Scottish Opera is celebrating 100 years of the Royal Air Force with a unique project called From the Mud to the Stars.

The project launched in October 2017 and since then a team from Scottish Opera, including former Emerging Artist Andrew McTaggart, has been working with school pupils, students, and former and serving RAF personnel to gather thoughts and impressions of the past, present and future of the Royal Air Force.

Over 250 people in communities all over Scotland, ranging in age from five to 103 who have special connections to the RAF, have participated in a range of From the Mud to the Stars workshops involving singing, song writing, visual arts and creative writing.

From the Mud to the Stars learning resources are now available on Scottish Opera’s website and are free to anyone wishing to learn more about the RAF. These include short films, music, art and design and literacy activities specially created by Scottish Opera and designed to meet specific Curriculum for Excellence outcomes. These songs, poetry, prose and visual images reflect the memories and experiences of those connected to the RAF, from the mud of the trenches to the advanced technology of 21st century flight.

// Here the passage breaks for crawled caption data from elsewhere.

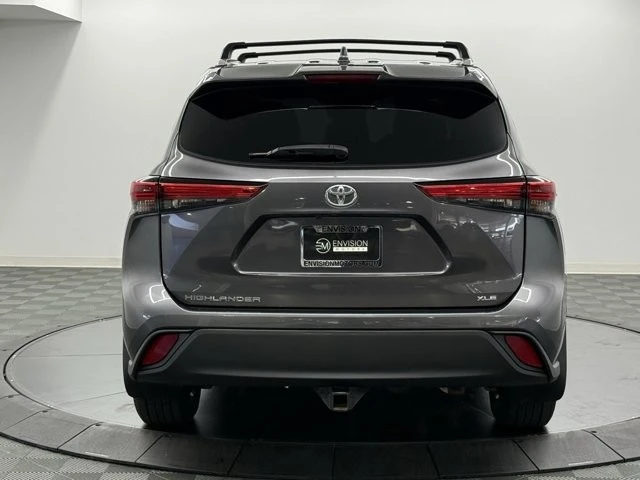 2022 Toyota Highlander - Image 8 of 12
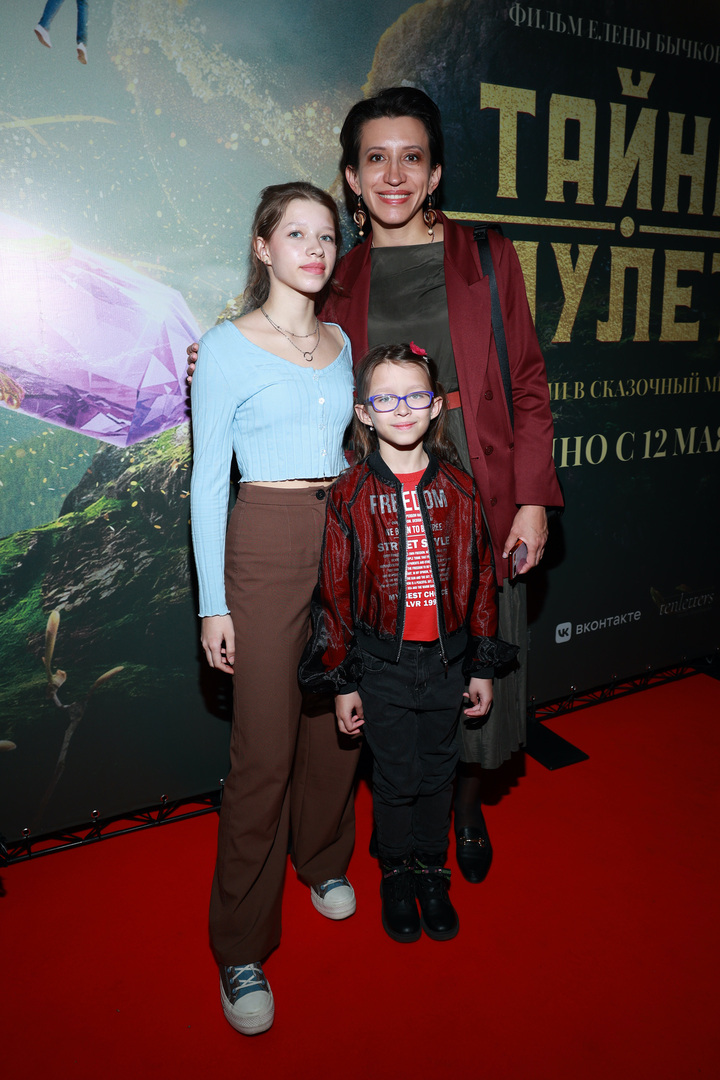 Елена Борщева с дочерьми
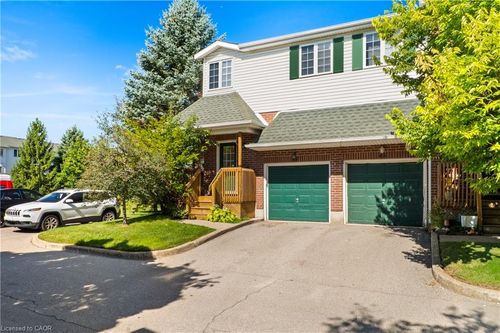 65-42 Green Valley Dr, Kitchener, ON, N2P2J7 | Card Image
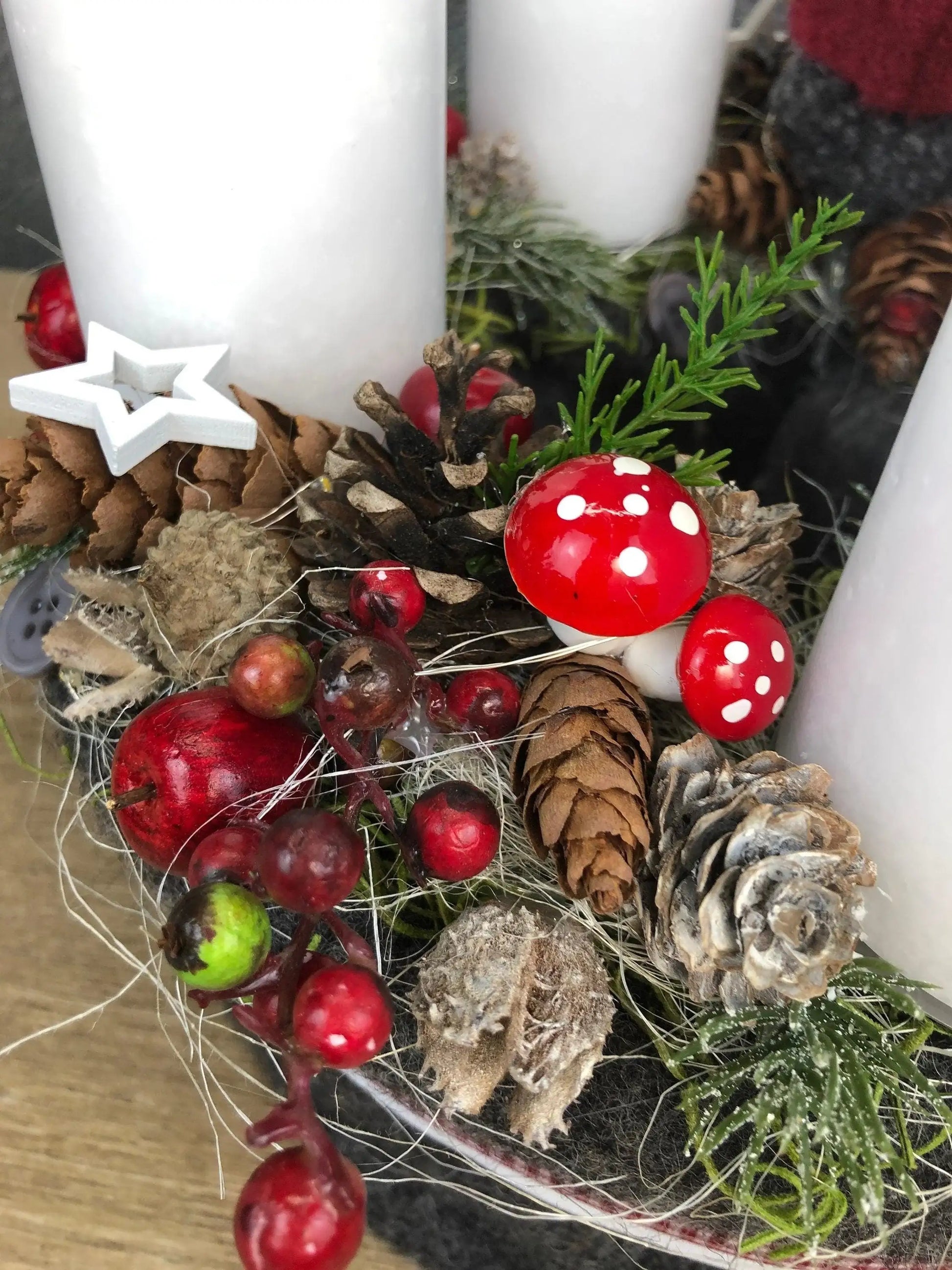 Adventskranz Adventskalender – handgemacht aus Seiden- und Kunstblumen, langlebig & pflegeleicht von SarahsFlowerStudio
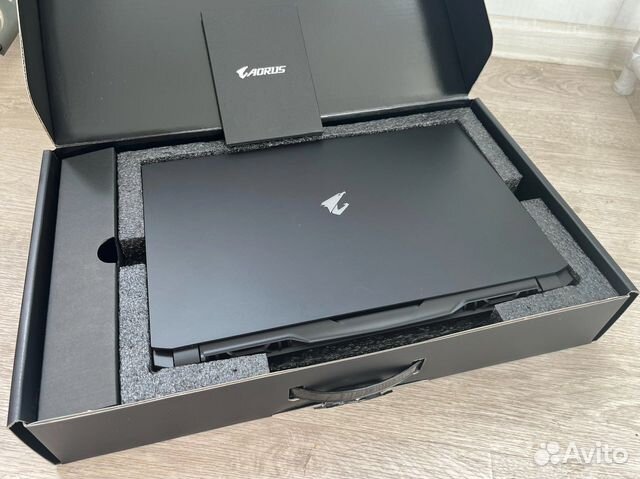 Aorus i7-11800H, RTX 3070, 16Gb, 1Tb, 240Hz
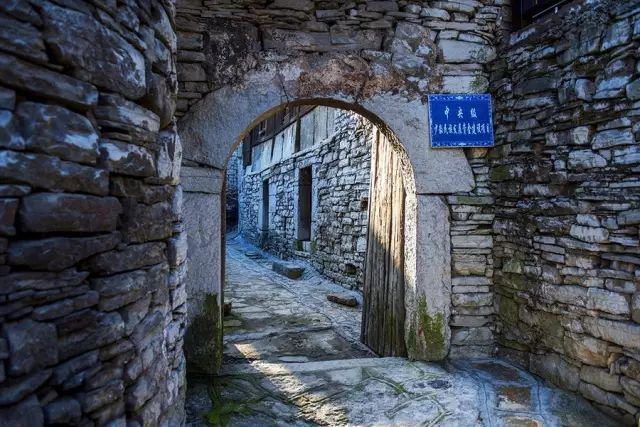 清明假期出游新热点贵州,清明贵州旅游自由行攻略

The eight short films entitled ‘RAF Lives’ feature people from different generations, all of whom have or have had, a connection to the Royal Air Force, covering topics including bringing up a family, career paths and the experience of fighting during World War II.

Matthew Brown has composed the project’s theme tune entitled From the Mud to the Stars (loosely based on the RAF motto ‘Per Ardua Ad Astra’, meaning ‘Through adversity to the stars’) with lyrics by Ross Stenhouse. Another original piece of music entitled Silver Wings inspires participants to write their own short dramas. Other activities in the project include designing RAF recruitment posters, writing a play with an aeronautical theme and creating a wall frieze that celebrates the rich variety of aeroplanes flown by the RAF. There is also a book, film and television bibliography for those wishing to explore the RAF’s history further.

Scottish Opera’s Director of Outreach and Education Jane Davidson said: ‘This project is Scottish Opera’s response to a call from the Scottish Government for creative interpretations of the commemoration of World War I as part of the 14-18 NOW campaign. As our project was scheduled to complete in 2018, we decided to focus on the Royal Air Force, which was also commemorating its centenary in the same year.

‘Given that we wanted to pay homage to the fact that the earliest use of air power in World War I was for the purposes of reconnaissance, when pilots flew high over trenches filled with poor infantry soldiers mired deep in the mud, we felt that incorporating both mud and stars in the name aptly reflected aspects of both the old and new types of warfare.

‘As the RAF100 strapline says, the campaign has been designed to ‘commemorate, celebrate and inspire’ and we hope that From the Mud to the Stars will do the same.’

In October, Andrew McTaggart, members of the Scottish Opera Young Company and pupils from Dunblane’s Queen Victoria School and Glasgow’s Jordanhill School performed at the RAF in Concert performance at Glasgow Royal Concert Hall. It formed part of a series of events staged around the UK to commemorate and celebrate the Royal Air Force, and the performers sang a medley which included ‘From the Mud to the Stars’ and ‘Good Old RAF’.